Uma pessoa na sua vida particular, se quer modificar-se para melhor, crescer enquanto pessoa, o que leva uma vida inteira a fazer-se, tem que olhar o seu passado sem medo, sem hipocrisia e com honestidade. E assumi-lo. Não para se massacrar com os erros e as falhas porque isso não deixa ninguém crescer, mas para os superar, para se prevenir, porque muitos erros e falhas cristalizam-se e tornam-se o carácter, uma segunda natureza, pelo hábito, se não estamos cientes dele e prevenidos.
Quem não está em contacto com as pessoas que já foi, corre o risco de essas pessoas surgirem quando menos espera a fazer as mesmas coisas, a cair nos mesmo alcapões onde já se caiu. Portanto, é necessário visitar o passado e conviver com ele.
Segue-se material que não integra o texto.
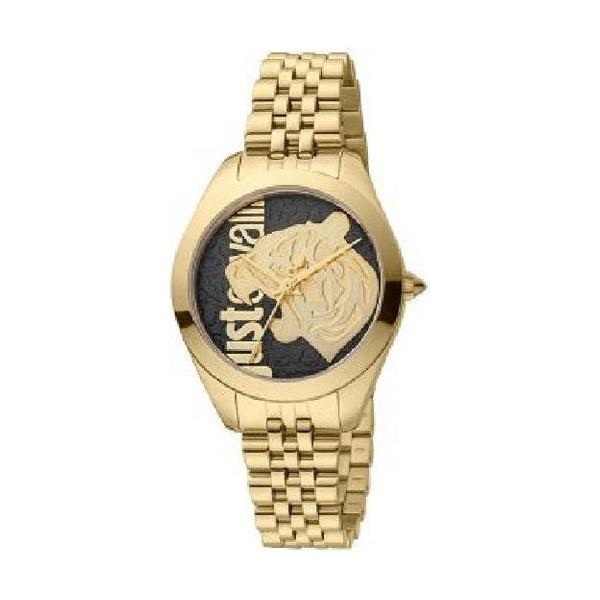 JUST CAVALLI TIME WATCHES Mod. JC1L210M0155 JC1L210M0155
Aceitar que já fomos aquelas pessoas, que fizemos aquelas coisas e compreender as suas causas ou razões para evitar repeti-las. Também não esquecer -no caso de termos tendência para a excessiva auto-crítica- que fizemos outras coisas com valor e não apenas aquelas criticáveis. Depois tentamos, em cada crise, conscientes dos perigos, não cair nos mesmos alçapões.
Penso que um país deve fazer o mesmo com a sua história: conhecê-la com honestidade, sem hipocrisia e sem medo. Conviver com ela para que os erros do passado não surjam constantemente e se cristalizem em hábitos do presente. Conhecer as suas causas e razões. Valorar aquilo que fizemos de positivo e ter esse equilíbrio como base para crescer.
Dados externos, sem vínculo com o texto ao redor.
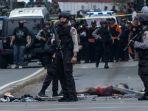 ntarafoto-korban-peledakan-bom-140116-mak-4_ratio-16x9jpg.jpg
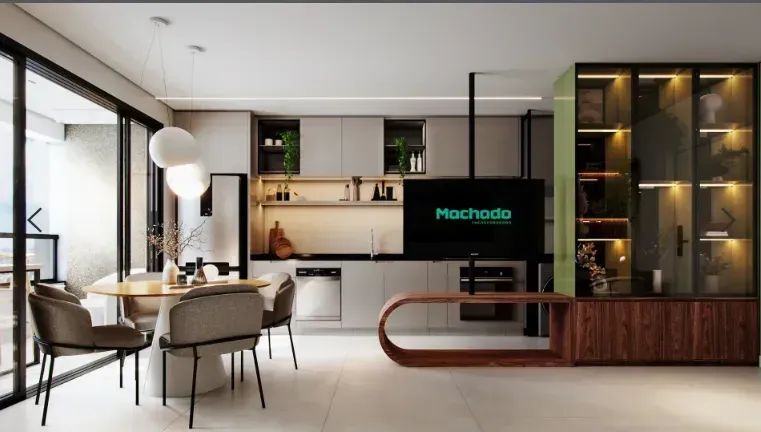 NEO PIAZZA - Foto 5
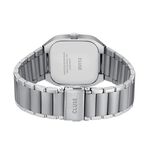 Montre Cluse Quadrus Bleu - Montres &eacute;tanches Homme | Marc Orian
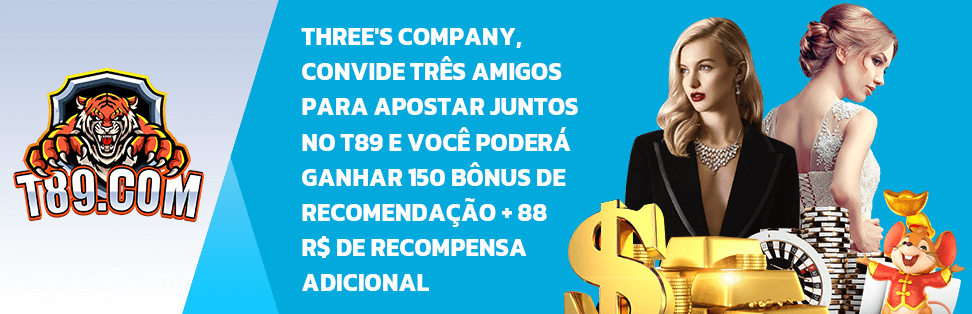 quantos acertos tem quer para ganhar na casa das apostas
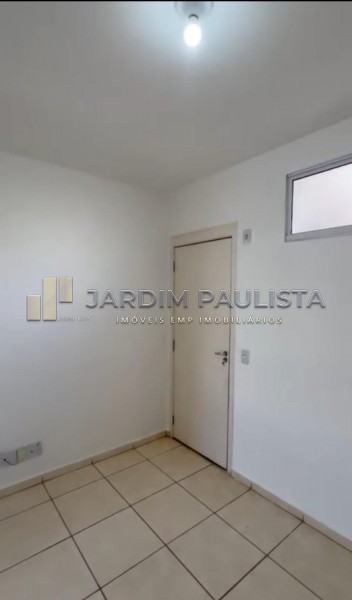 Jardim Paulista Imóveis - Imobiliária em Ribeirão Preto - SP - Apartamento - Valentina Figueiredo - Ribeirão Preto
Tivemos racismo na nossa história? Sim. Quem iniciou a mercância de escravos africanos que depois todos os outros imitaram, infelizmente, fomos nós. Mas não foi só isso que fizemos. Pusemos os países e povos do mundo a falar uns com os outros nessas viagens de exploradores. Nós não fomos para África para escravizar nem escravizámos negros por o serem. Se fossem brancos ou de outra cor qualquer tinhamos à mesma feito mercância deles, pela simples razão de termos a força das armas connosco e vermos nisso um negócio rentável. Era a mentalidade do tempo.
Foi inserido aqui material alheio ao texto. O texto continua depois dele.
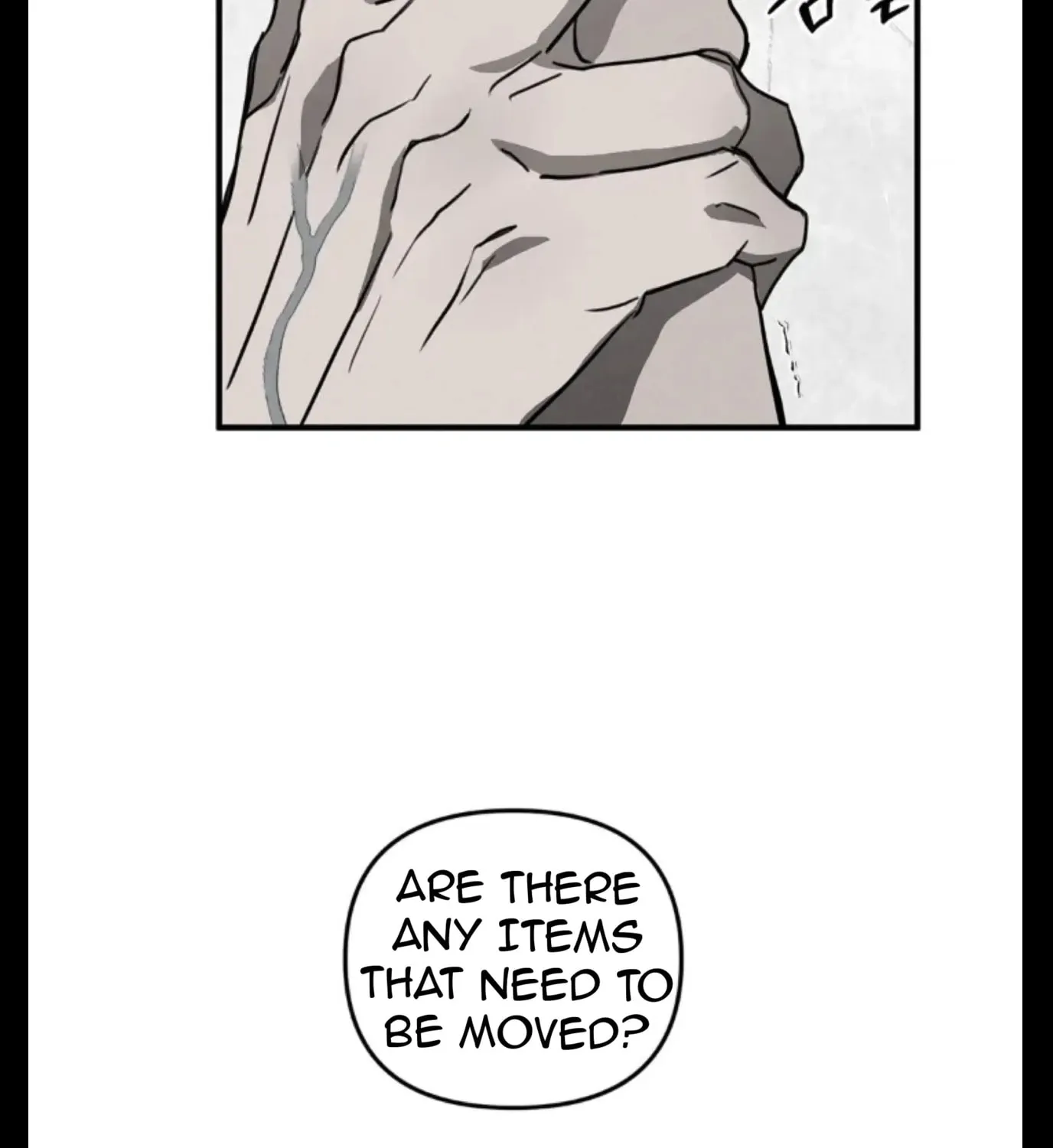 Pietà Chapter 7 page 115 -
Estive há pouco tempo a ler umas novelas de Mérimée. Numa delas sobre o rei Carlos IX e a época do massacre dos huguenotes, ele começa por dizer, que uma pessoa não pode julgar o passado com os critérios do presente, que um assassinato em 1500 não tem o mesmo peso e repulsa que no século XIX em que ele escreve. Um fidalgo matava um inimigo à traição, pedia desculpa e ia jantar como de costume sem que ninguém lhe fizesse má cara. Dá depois o exemplo de Mehemet-Alí, que reinava no Egipto na época dele, o século XIX, que se consolidou no poder porque um dia convidou os chefes dos mamelucos, que o desafiavam, para jantar no seu palácio e assim que os viu lá dentro mandou fechar as portas e fuzilou-os todos e atirou-os do alto da muralha para a rua - como ainda hoje os árabes fazem aos gays em alguns países. No entanto, acrescenta ele, 'nós franceses damo-nos com ele e temos negócios com os egípcios, sendo que se alguém aqui em França fizesse tal coisa, ou na Europa, era motivo de cortar relações e sanções.'
O mesmo podemos dizer de nós mesmo, agora no século XXI: damo-nos com os árabes que matam e decapitam opositores, mulheres que andam sem lenço na cabeça, gays, cristãos, etc. E muitos mantêm escravos, mas há, no Ocidente, quem defenda que devemos respeitar a cultura deles.
Portanto, temos que saber olhar para a nossa história, não para chamarmos nomes uns aos outros, mas para compreendermos os acontecimentos na sua complexidade e podermos crescer positivamente a partir daí. Isto não se faz com insultos e degradação constantes de parte a parte que é uma acção que envenena qualquer ambiente, qualquer possibilidade de diálogo ou de reconciliação, com o nosso passado e uns com os outros, no presente.